There was a good range of food stalls, including an incredible looking g’Astronomy area. Children’s meals were about the £7 mark. There were several options including pizzas, chicken, noodles, burgers and paella. I would have liked to be able to buy something a little healthier for my son and was unsure whether we were allowed to access the nice looking Jodrell Bank café as there were security outside.
A beautiful array of tea and cakes were served from a little pink caravan, which was very popular.
Drinks were reasonably priced at £4.50 a pint and had some interesting options including a wine bar, Blue Moon craft beer and cocktails. All glasses and wine carafes were reusable.
Given the tragic recent events in Manchester, there was a visible security presence at Bluedot who did an excellent job of checking people’s bags before entering the festival and each time they entered the main arena. They did this in a light hearted way and always said hello and spoke to the revellers as they came in. We asked what they looking for and they said glass bottles and alcohol.
Camping chairs were also not permitted which seemed to lead to a trend for inflatable sofas. Of course my son wanted one after seeing everybody else’s and it worked very well- it was lightweight, easy to carry around and enabled us to create a safe, highly visible space for him to rest without having a cart around a festival wagon.
The toilets were clean and well maintained, although there could have been a few more of them I think! Disabled access around the site was excellent as the site is used throughout the year as a visitor’s centre. So there were flat, concrete paths around the site which were then extended to reach the Accessible Camping area.
Flushing toilets, hot showers and plug sockets were available if you paid an extra £30 for club class. These were situated in the main camping area. There were separate camping areas for family camping, early risers and late night owls. All of which were at most a 10 minute walk into the main arena so it was easy to pop back to your tent for a rest and to get changed for the evening.
There were several options available, ranging from pre-erected tents from Tangerine fields (both 2 man and 4 man tents) to beautiful lotus bell tents.
Bluedot is an absolutely wonderful, inspiring and uplifting experience for children and grown-ups of all ages. I would say that my seven year old son was a perfect age to enjoy the activities and I’m less sure whether this would appeal to teens unless of course they are interested in science. This could be a challenge for bluedot to consider for next year. Perhaps they could come up with some teen friendly programming/ DJing/ digital music creation workshops.

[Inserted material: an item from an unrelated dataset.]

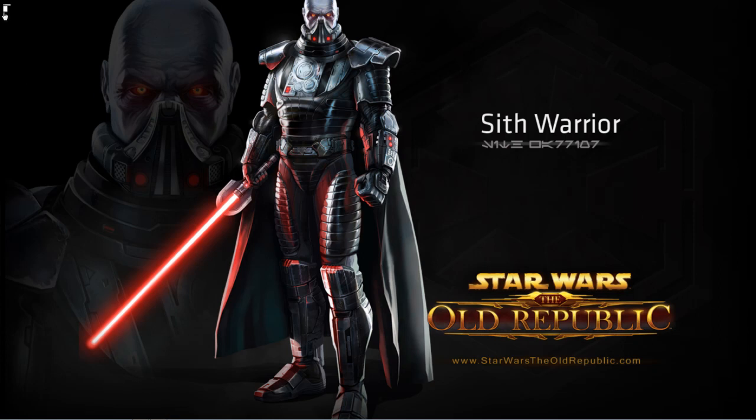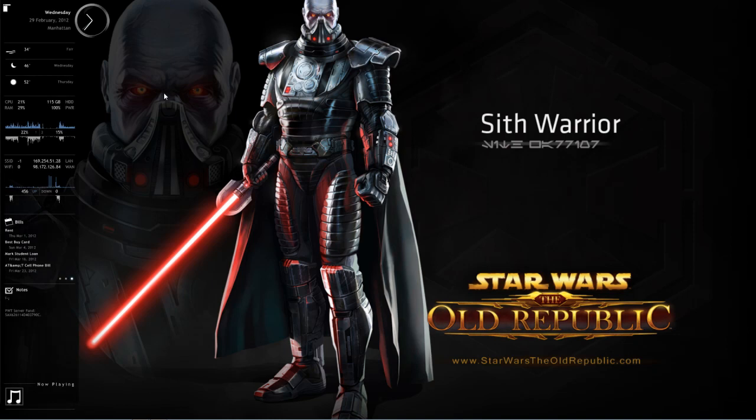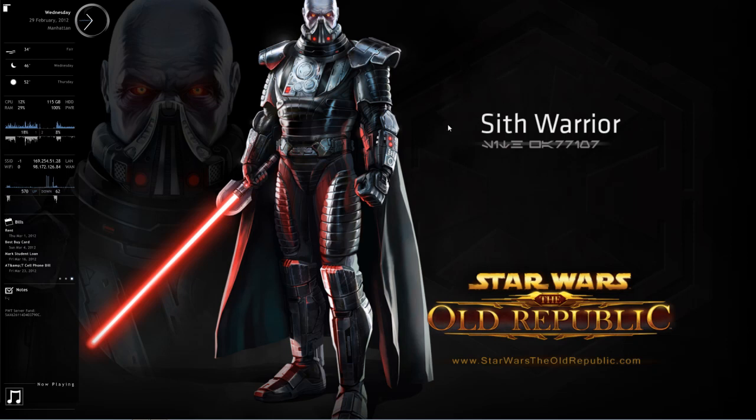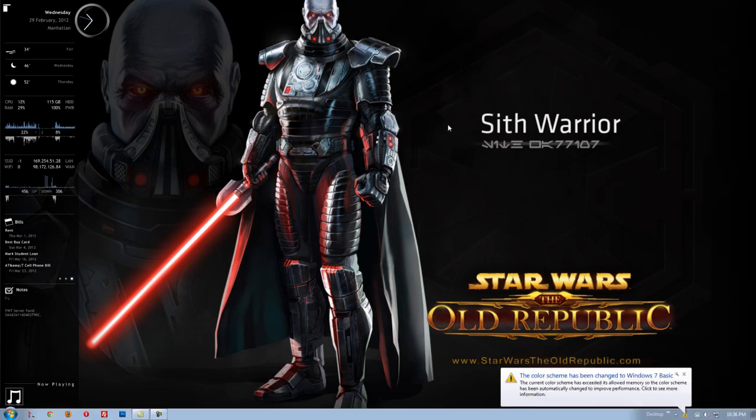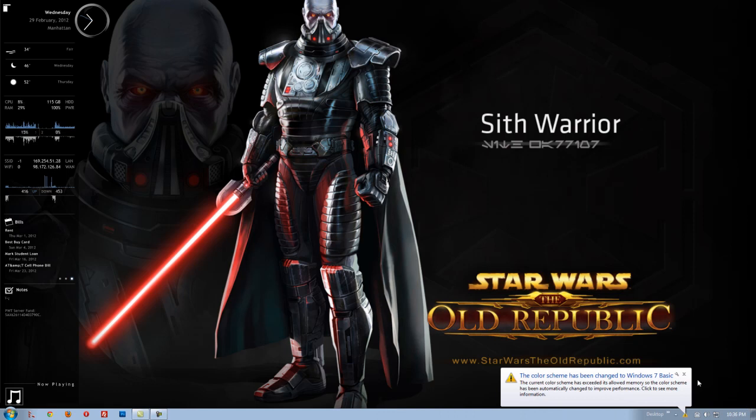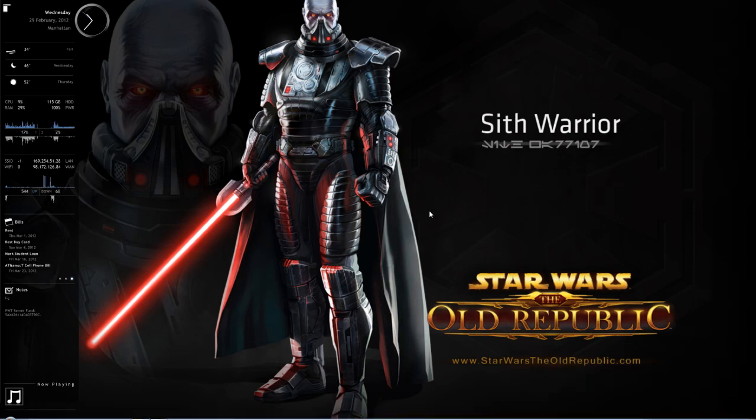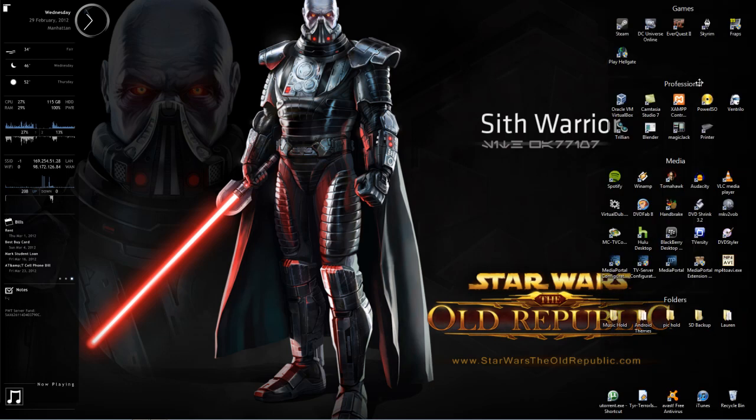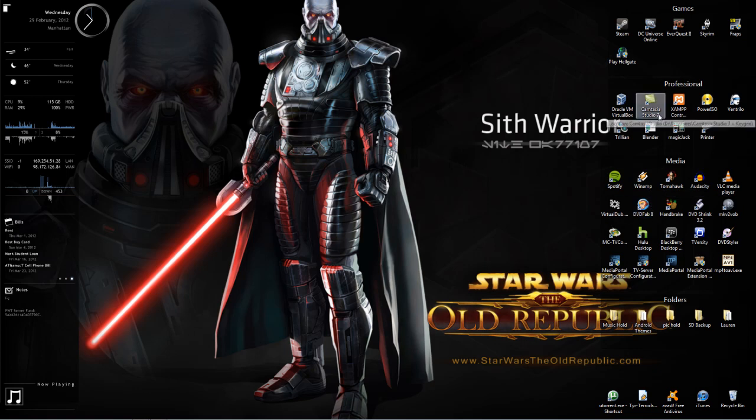And if I need something, I've got my Rainmeter there, which I will actually leave open so that I can check out my CPU performance. And if I need quick access to programs that the desktop provides, I have Fences installed, which is a great Windows program that I'll do a review on later.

I am so glad that we had the opportunity to try this festival as it was different to other festivals that we have been to. It wasn’t a child-oriented festival yet was wonderful for children. We would definitely go again and encourage all of our friends to join us with their families. I have been to a lot of festivals in my time and this will stand out as one of the best experiences we have ever had. Bluedot will remain in our hearts and memories for a long time! My son’s words were, “it was the best festival I have ever ever been to”.